# Tuscon to NOLA adventure...



## dirty_rotten_squatter (Oct 30, 2009)

SOOooo I was kickin it with a few buds from here Freddie WBD and drunken_hearted_man that were planin on comin to NOLA we all started in tuscon, took a while to get out of there because of beer and what not but eventually got out, made it to fort worth and theres this graveyard of abandoned units there that we squatted because the weather turned shitty. Once again drunkenness slowed us down and thrown off. we eventually get out and as we were pulin through talulah louisiana the train came to a stop in the middle of a crossing and there were cars for about 3 miles backed up and wee see 7 cops all guns drawn runing up to us screaming and swearing and threatening to shoot the dogs and crap. they put us in cuffs take us down to the staion and they ended up being the fuckin coolest cops yet.

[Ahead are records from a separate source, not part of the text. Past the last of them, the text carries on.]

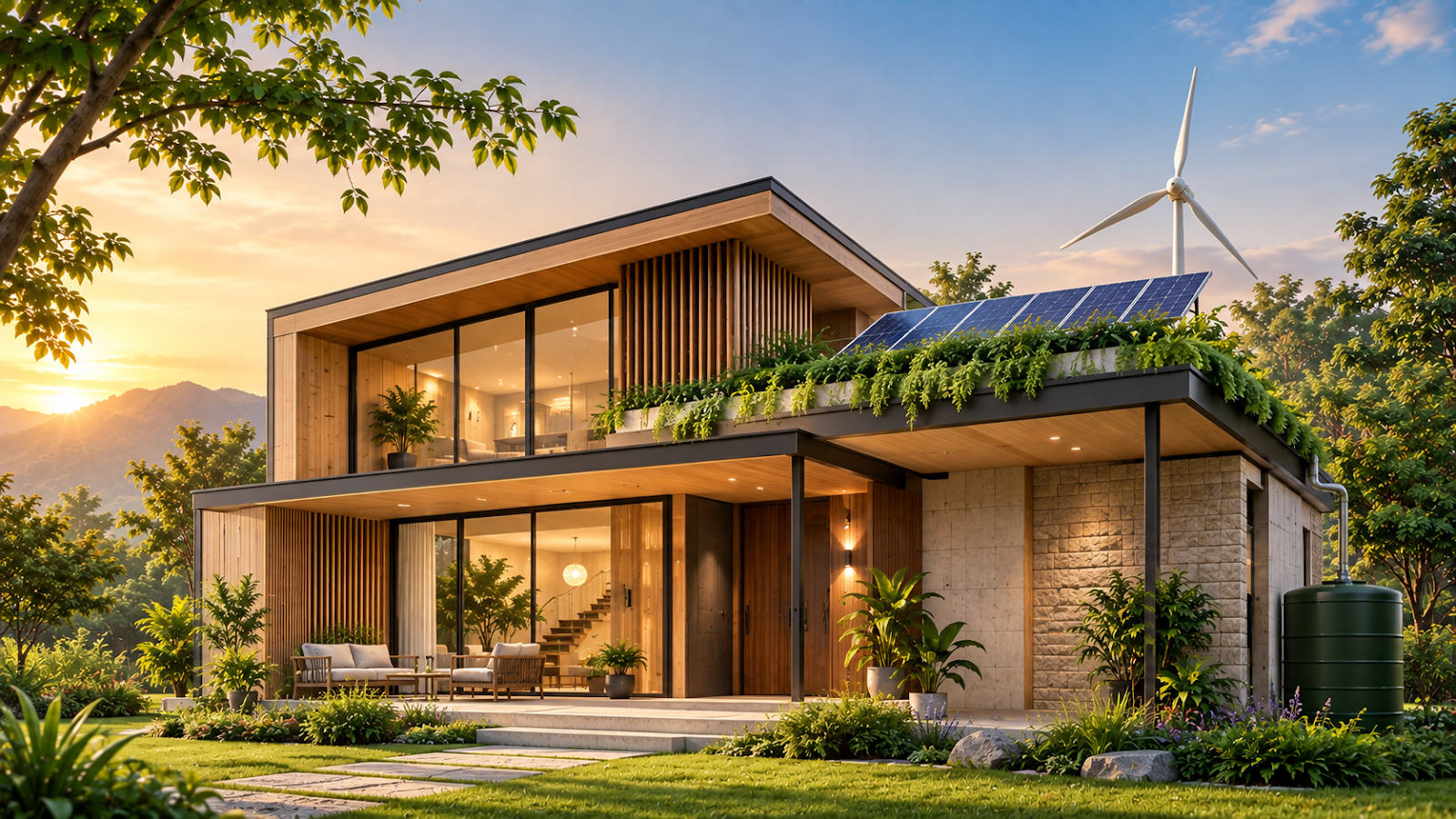 How Sustainable Housing Is Shaping the Future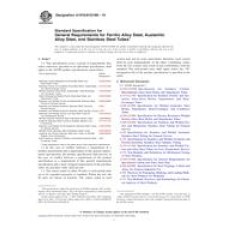 ASTM A1016/A1016M-10
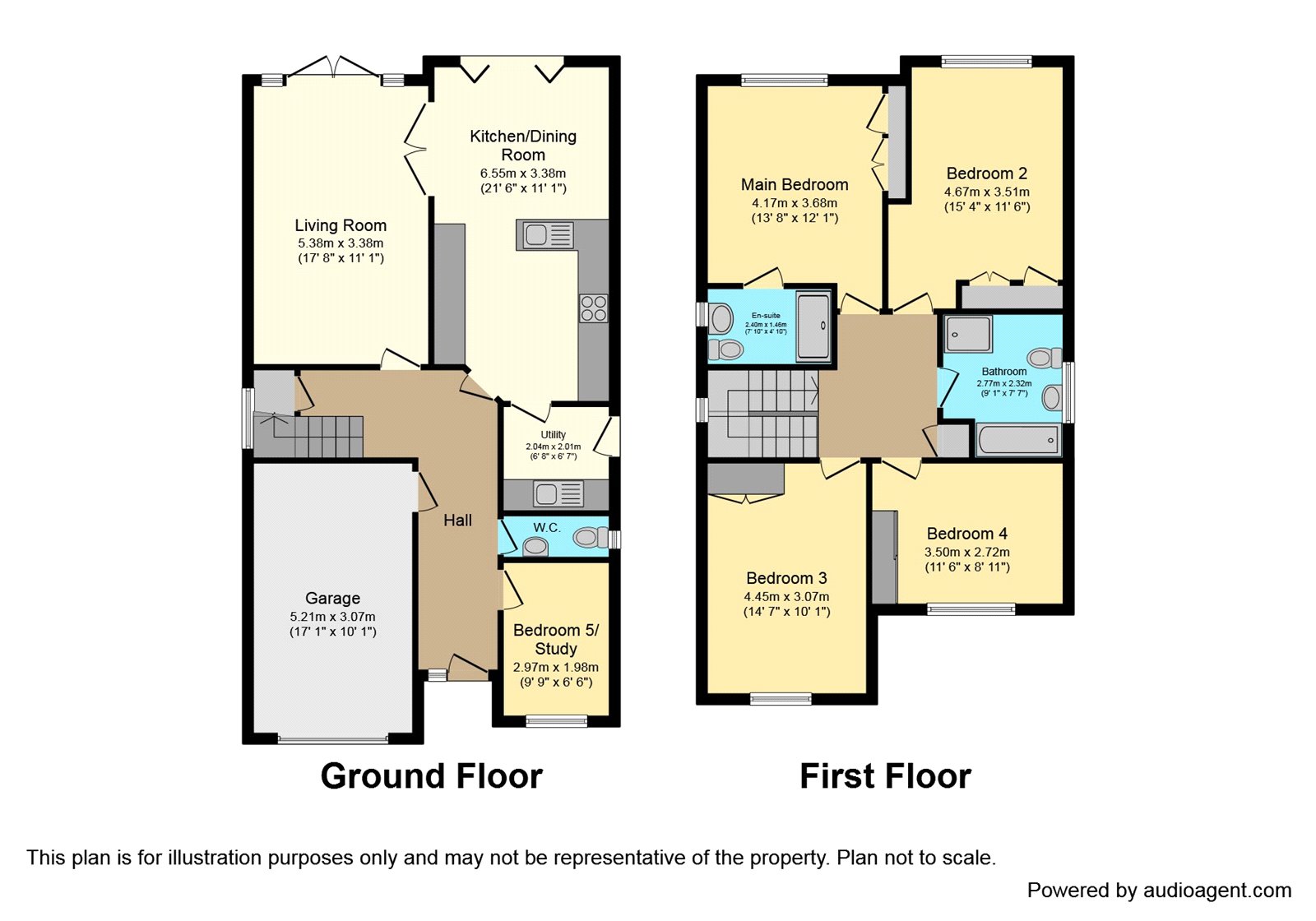Shinfield Road, Shinfield, Reading, Berkshire RG2, 5 bedroom detached house for sale 61433104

They were makin cracks like "yall wanna know somethin real fucked up? Those dogs smell better than you!!" "How the hell your packs smell like shit too?!" It was awesome they ended up driving us to vicksburg mississippi, where we were stopped twice a day for walking then they drove us out of town and from there we parted ways and I started to hitch to jackson..Got picked up by a dude who was goin straight to NOLA and i get in he pulls out a fatty and says light it..then reaches in the back for a gallon of whiskey, and then gives a a ack of smokes and a gerber knife (cops took my last one) and takes me to wendys!!! Pretty crazy trip yo but I made it none the less!


----------



## Drunken Hearted Man (Nov 5, 2009)

If you only knew what happened after you left Freddie and I...fucking ridiculous.


----------



## dirty_rotten_squatter (Nov 5, 2009)

hmmm youll have to P.M. me the details yo kinda curious.


----------



## Smallredbox (Nov 5, 2009)

Love the story, man


----------



## WindWalker1970 (Nov 5, 2009)

Sounds like good times. :drinking:


----------



## Apples (Nov 16, 2009)

Drunkenness always slows me down on my trips too.


----------



## wartomods (Nov 22, 2009)

i like your style of writing is some how comical but very informative and honest.


----------



## dirty_rotten_squatter (Nov 28, 2009)

ha yeah it was good times, ended up me and like 9 other kids got thrown in o.p.p the day of halloween for sleeping in the school. this drunk kid comes in and starts shouting shit at the cops like "I'll nut rape all yall I dont give a fuck" and shit like that, so they just fast tracked him cuz they didnt want to deal with him. It sucked pretty hard core, but they had some good ass red beans and rice! and i snuck my jumpsuit out so that was fun. so, I got fucked up countless times, lagged on timing, got thrown in jail and harrassed by the cops so pretty much it was yet another successful trip in my book,


----------